Özgün İçerik Yine En Tepede
Yapay zekânın içerik oluşturmadaki katkısını göz ardı etmemiz mümkün değil elbette. Fakat yapılan bir araştırma gösteriyor ki sosyal medyada en ilgili çekici içerikler, %54 ile yine gerçek kullanıcılar tarafından yapılmış içerikler oluyor. 2025 yılında dijital pazarlamada beklenenler arasında, daha fazla markanın gerçek kullanıcı tarafından oluşturulmuş yüksek kaliteli içerikleri teşvik etmesi ve desteklemesi de var. Eskilerin “kulaktan kulağa iletişim” dediği pazarlama yöntemi sosyal medya için de geçerli olacak. Özgün içeriklerle başlayan bu süreçte en müşteriler, markalar için birer aktif marka elçilerine dönüşecek.

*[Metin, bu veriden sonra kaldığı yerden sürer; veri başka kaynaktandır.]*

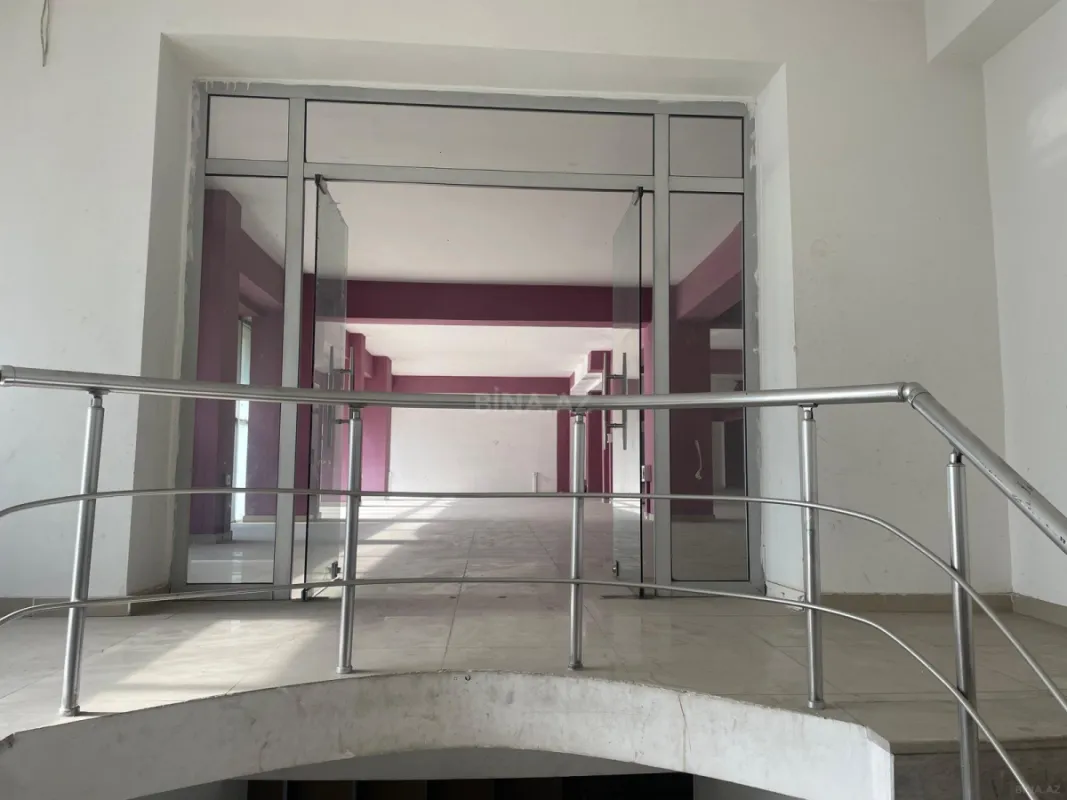 Kirayə verilir obyekt 2000 m²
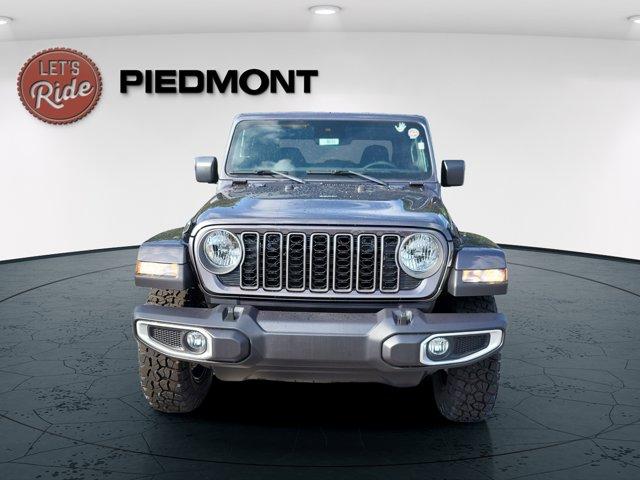 new 2025 Jeep Gladiator car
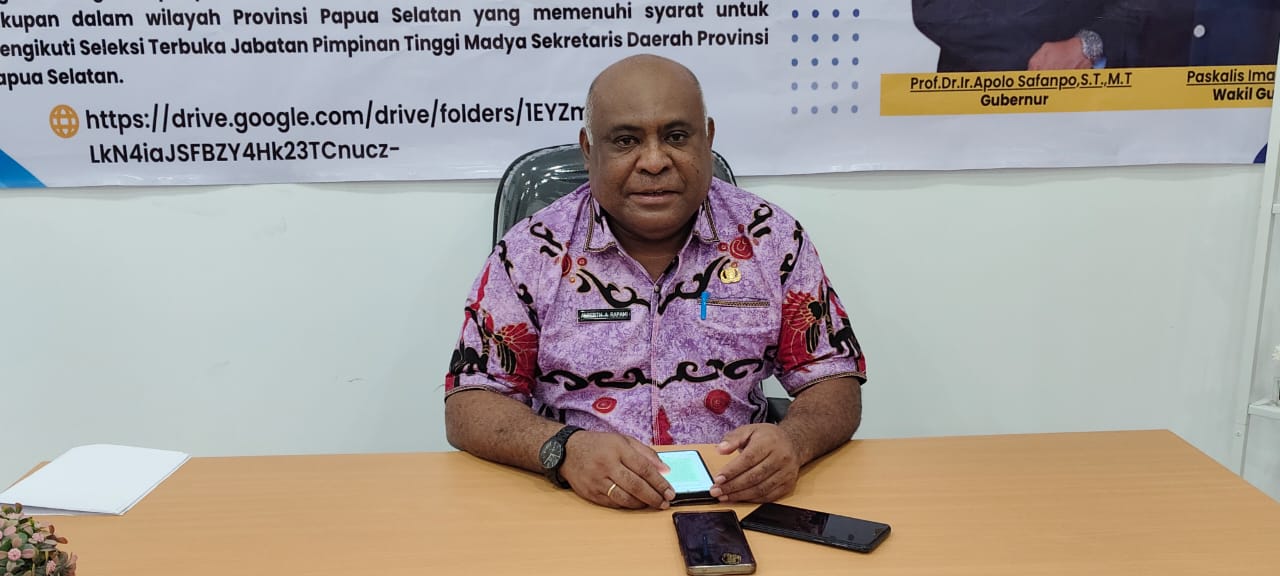 Kepala BKPSDM Papua Selatan, Albert Rapami- Surya Papua/IST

Sosyal Medya Kanalları Yeni Arama Motorları Olacak
Dünyada 5 milyardan fazla sosyal medya kullanıcısı var. Instagram ve TikTok hâlihazırda pek çok insan için birer arama motoru. Bu uygulamalar günlük dijital deneyimlerin merkezi hâline geldikçe markalar da buralardaki pazarlama faaliyetlerini artırıyorlar. Bu artışın da her geçen gün devam etmesi bekleniyor. Dijital pazarlama dünyasında markalar, bu uygulamalarda görünürlüklerini artırmak adına kısa videolar, hikâyeler, canlı yayınlar ve etkileşimli gönderiler gibi farklı bölümlere hâkim olma yarışına girecekler. İçerik oluşturma, topluluk yönetimi, sosyal ticaret ve veri analitiği gibi başlıkları kapsayan sosyal medya pazarlamasını bütüncül bir yaklaşımla ele alan markalar; erişim, etkileşim ve müşteri sadakati açısından ciddi avantajlar elde edecek.
Özetle şöyle bir çıkarımda bulunabiliriz: 2025’in yenilikçi ve heyecan dolu yeni fırsatlar sunacağı dijital pazarlamada dünyasında, pazarlama stratejilerini, yeni trendlere şimdiden hazırlamayı başaran şirketler bir adım öne geçecek. Teknolojinin varlığını ve etkisini daha çok hissedeceğimiz 2025 yılında, bu teknolojiye entegre olabilen ve söz konusu entegrasyonu özgün fikir ve projelerle taçlandıran şirketlerin başarı hikâyelerine şahit olacağız.